The worst month for Britain’s manufacturers since January and a widening trade deficit gave a reality check to recovery hopes today following a raft of upbeat news.
Buoyant retail spending, the biggest surge in demand from would-be homeowners since 2009, and rising confidence among financial executives have fuelled the feelgood factor surrounding the economy in recent days. But manufacturing output shrank by a bigger than expected 0.8 per cent in May, confounding more positive survey data and City expectations of a rise. Overall industrial production remained stagnant in May, the Office for National Statistis added.
Moody’s Analytics UK economist Melanie Bowler said it could take until “close to the end of the decade” for manufacturers to make a full recovery as output lags 13% below its pre-recession peak. She said: “We do not anticipate a strong, sustained recovery in industry for some time, given that domestic demand remains bound by fiscal austerity and that still-severe economic difficulties facing key euroland trade partners suggest demand for British exports will remain contained.”
The UK’s goods trade gap with the rest of the world meanwhile widened to £8.5 billion in May, leaving it unlikely to make the same contribution to growth seen in the first quarter.
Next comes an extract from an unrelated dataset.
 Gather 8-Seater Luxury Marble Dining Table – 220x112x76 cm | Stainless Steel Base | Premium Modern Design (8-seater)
Excluding oil and one-off items, exports have grown 1.3 per cent over the past quarter, compared with a 1.4% rise in imports.
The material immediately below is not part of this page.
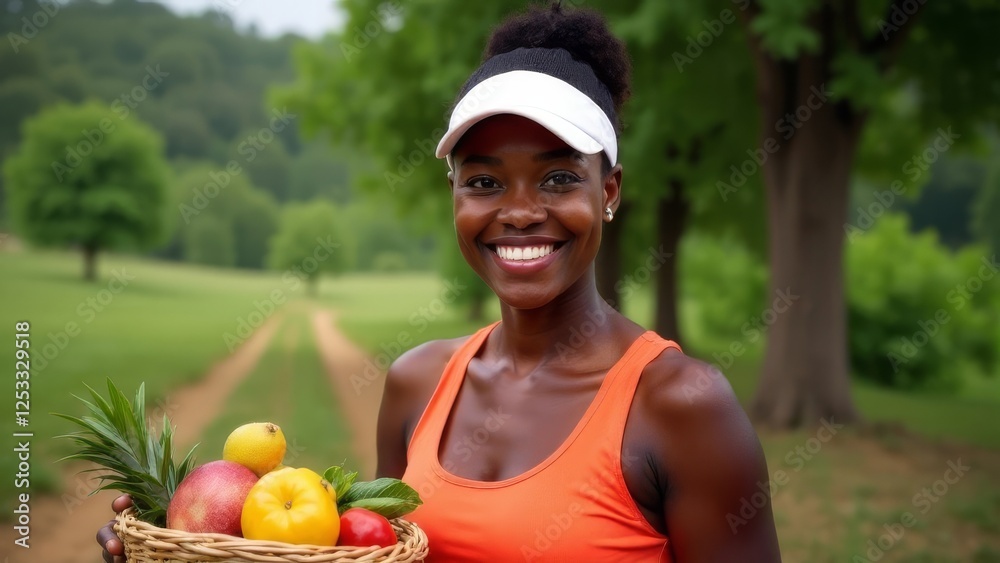 A middle-aged African American woman in excellent physical shape holds a basket of fruits and vegetables in her hands. The concept of a healthy lifestyle through proper nutrition and exercise A middle-aged African American woman in excellent physical shape holds a basket of fruits and vegetables in her hands. The concept of a healthy lifestyle through proper nutrition and exercise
Bright spots included a narrowing of the trade deficit with China as exports grew 17 per cent above the UK average, but experts saw little sign of a significant trade boost. Berenberg bank economist Rob Wood said: “An export-led recovery this is not. All the pressure is on the consumer and the services sector to maintain growth.”
There was better news from advertisers, who grew spending 2.4 per cent in the first quarter, according to the Advertising Association and research firm Warc. Internet advertising was the main driver, surging 11 per cent . “These figures don’t just reflect growing confidence, they represent an important investment in the recovery,” said Tim Lefroy, chief executive of the AA.